I Pee on Dead People

This funny European slasher flick is not getting the attention it deserves

I generally dislike slasher movies, but I also generally dislike arms dealers, so a slasher movie wherein a group of arms dealers gets murdered presents a moral conundrum for me.

Luckily, Severance is also a comedy, and, like most frat boys and deranged supervillains, I love to laugh. So on the whole, I give it a bloody, hacked-off thumbs up, because it somehow manages to be funny while also doing a lot of killing.

Also, and I think this is important, it doesn't turn into torture porn or a cinematic internal anatomy lesson. While I understand that these are now popular forms of entertainment, I find them no more compelling than mistaking a shard of broken glass for a contact lens or eating an aluminum-foil hamburger.

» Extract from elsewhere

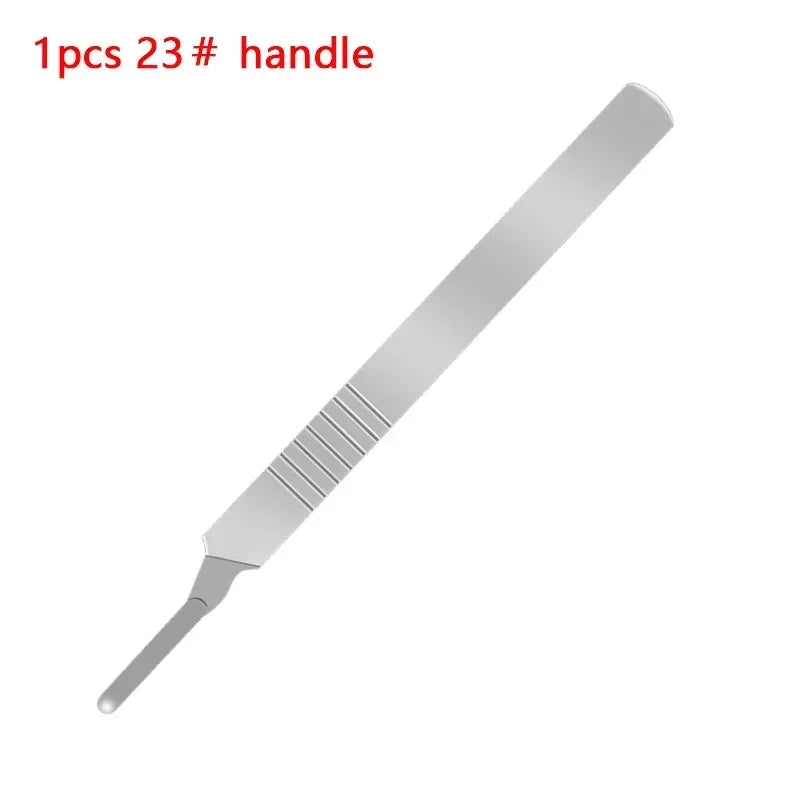 Carbon Steel Carving Metal Scalpel Knife Handle Blades Number 11 23 Surgical Medical Practicing Cutting Sculpting Repairing Tool CM World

Severance doesn't go the Hostel route, and for that, I salute it. Rather, it goes in a sort of Shaun of the Dead way, only a little less goofy and a little more slashy.

Severance begins as all great films do, with two hot Eastern European women falling in a ditch and then stripping down to their underpants. But the opening is deceptive, for this is not simply a remake of Emanuelle Brings Freedom to the Former Soviet Bloc. Instead, it's an important piece of social commentary on the way that giant corporations have violated the rights of insane killers around the world.

The Palisades Defence Corporation has sent its sales force on a "team building" weekend to Hungary or Romania (they're a little confused about this), where they hope to create "a home run for freedom and a time out for terrorism." Unfortunately, their bus breaks down, stranding them in the scary woods.

They respond to this by ingesting psilocybin mushrooms, fantasizing about sexual intercourse and creating a positive work environment for the purpose of reimagining and productizing their goal structures. Meanwhile, they find that they have become the target of at least one, and perhaps several, post-communist Freddy Krueger wannabes.

The end.

Slasher movies basically only need a setup, and then the story writes itself. But plot isn't the draw in these sorts of films. (Hint: Some people get killed, and some survive!) Rather, what makes Severance run is a keen sense of scripting. My dear friend O. Peculiar noted that the film included every joke that he wanted to see.

Such jokes include, but are not limited to, scenes of people accidentally urinating on corpses, accidentally eating human pie and accidentally getting killed by landmines. Ha! Funny stuff.

But mostly, the funniness comes from the funny scripting of funnymen James Moran and Christopher Smith, a couple of young Brits who understand that there's a difference between slavishly following a formula and slyly paying homage, and then opt for the former, but do it with some irony.

The other thing that works about Severance is its knowing cinematic sensibility. When the salesfolks are trying to figure out why they're being hunted and/or killed, they tell a series of ghost stories. These are enacted in a style that perfectly casts their time and mood: One is a story of World War I-era madness, shot in jumpy black and white. Another is a Stalinist fable with blacked-out eyes and a jerky, hand-held style, and the last is an erotic fantasy that looks like it was rejected by Cinemax After Dark for being too professional.

The cast of unknown B-listers and BBC stalwarts knows how to work with this material, giving it just enough goofiness to be pleasant, and just enough screaming and dying to be commercially accessible to apocalyptic religionists. Standouts include Danny Dyer as the whore-mongering drug addict who is strangely unafraid of bears, Laura Harris as the hot American whom everyone wants to love in an adult manner, and Andy Nyman as the office suck-up who learns that "team" is "meat" spelled backwards, sort of.

With its smart casting, sharp scripting and thoughtful filming, Severance has everything it needs to be a successful small movie. Strangely, it's not getting a big release from the studio, and it's only being rolled out in select cities.

I find this hard to fathom, because it does what it does perfectly, even if what it does isn't the sort of thing that earns blockbuster money. I think that if the distributors had advertised it as appealing to the Shaun of the Dead crowd, they could have done well. This is confirmed by Severance's Internet Movie Database entry, which lists as keywords for the film: "call girl," "bazooka," "marijuana," "urination scene" and "exploding airplane." If that can't fill a cinema with sophisticated moviegoers, I don't know what can.

Severance is not showing in any theaters in the area.